#### EXERCISE BRIEF
Print all the entries exactly.
»»
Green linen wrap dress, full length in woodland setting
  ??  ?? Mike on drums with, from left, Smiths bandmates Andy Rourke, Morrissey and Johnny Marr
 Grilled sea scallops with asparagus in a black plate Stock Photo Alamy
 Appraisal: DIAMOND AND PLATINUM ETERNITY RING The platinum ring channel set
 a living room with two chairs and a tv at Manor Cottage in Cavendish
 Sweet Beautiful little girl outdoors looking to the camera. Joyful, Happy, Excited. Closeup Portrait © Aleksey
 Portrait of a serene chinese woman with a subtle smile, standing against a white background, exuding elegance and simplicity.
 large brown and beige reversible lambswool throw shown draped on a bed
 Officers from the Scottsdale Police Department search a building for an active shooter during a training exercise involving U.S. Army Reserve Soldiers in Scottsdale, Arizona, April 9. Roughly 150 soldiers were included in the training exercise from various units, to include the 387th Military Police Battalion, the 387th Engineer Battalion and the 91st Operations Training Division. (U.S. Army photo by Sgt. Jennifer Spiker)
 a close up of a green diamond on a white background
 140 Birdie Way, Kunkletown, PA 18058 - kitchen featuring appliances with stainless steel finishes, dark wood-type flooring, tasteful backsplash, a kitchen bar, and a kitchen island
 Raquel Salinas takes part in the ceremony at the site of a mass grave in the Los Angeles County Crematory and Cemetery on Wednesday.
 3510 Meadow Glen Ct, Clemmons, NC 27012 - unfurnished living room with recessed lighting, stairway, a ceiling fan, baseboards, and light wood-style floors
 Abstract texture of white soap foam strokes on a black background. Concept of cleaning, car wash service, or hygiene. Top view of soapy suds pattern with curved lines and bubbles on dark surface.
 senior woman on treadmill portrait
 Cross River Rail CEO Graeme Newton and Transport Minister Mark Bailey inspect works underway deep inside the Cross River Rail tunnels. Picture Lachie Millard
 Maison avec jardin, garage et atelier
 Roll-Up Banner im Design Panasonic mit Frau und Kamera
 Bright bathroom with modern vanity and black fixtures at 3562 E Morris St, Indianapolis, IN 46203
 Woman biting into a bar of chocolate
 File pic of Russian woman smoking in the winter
««
#### OUTPUT FOR THIS EXERCISE
Green linen wrap dress, full length in woodland setting
  ??  ?? Mike on drums with, from left, Smiths bandmates Andy Rourke, Morrissey and Johnny Marr
 Grilled sea scallops with asparagus in a black plate Stock Photo Alamy
 Appraisal: DIAMOND AND PLATINUM ETERNITY RING The platinum ring channel set
 a living room with two chairs and a tv at Manor Cottage in Cavendish
 Sweet Beautiful little girl outdoors looking to the camera. Joyful, Happy, Excited. Closeup Portrait © Aleksey
 Portrait of a serene chinese woman with a subtle smile, standing against a white background, exuding elegance and simplicity.
 large brown and beige reversible lambswool throw shown draped on a bed
 Officers from the Scottsdale Police Department search a building for an active shooter during a training exercise involving U.S. Army Reserve Soldiers in Scottsdale, Arizona, April 9. Roughly 150 soldiers were included in the training exercise from various units, to include the 387th Military Police Battalion, the 387th Engineer Battalion and the 91st Operations Training Division. (U.S. Army photo by Sgt. Jennifer Spiker)
 a close up of a green diamond on a white background
 140 Birdie Way, Kunkletown, PA 18058 - kitchen featuring appliances with stainless steel finishes, dark wood-type flooring, tasteful backsplash, a kitchen bar, and a kitchen island
 Raquel Salinas takes part in the ceremony at the site of a mass grave in the Los Angeles County Crematory and Cemetery on Wednesday.
 3510 Meadow Glen Ct, Clemmons, NC 27012 - unfurnished living room with recessed lighting, stairway, a ceiling fan, baseboards, and light wood-style floors
 Abstract texture of white soap foam strokes on a black background. Concept of cleaning, car wash service, or hygiene. Top view of soapy suds pattern with curved lines and bubbles on dark surface.
 senior woman on treadmill portrait
 Cross River Rail CEO Graeme Newton and Transport Minister Mark Bailey inspect works underway deep inside the Cross River Rail tunnels. Picture Lachie Millard
 Maison avec jardin, garage et atelier
 Roll-Up Banner im Design Panasonic mit Frau und Kamera
 Bright bathroom with modern vanity and black fixtures at 3562 E Morris St, Indianapolis, IN 46203
 Woman biting into a bar of chocolate
 File pic of Russian woman smoking in the winter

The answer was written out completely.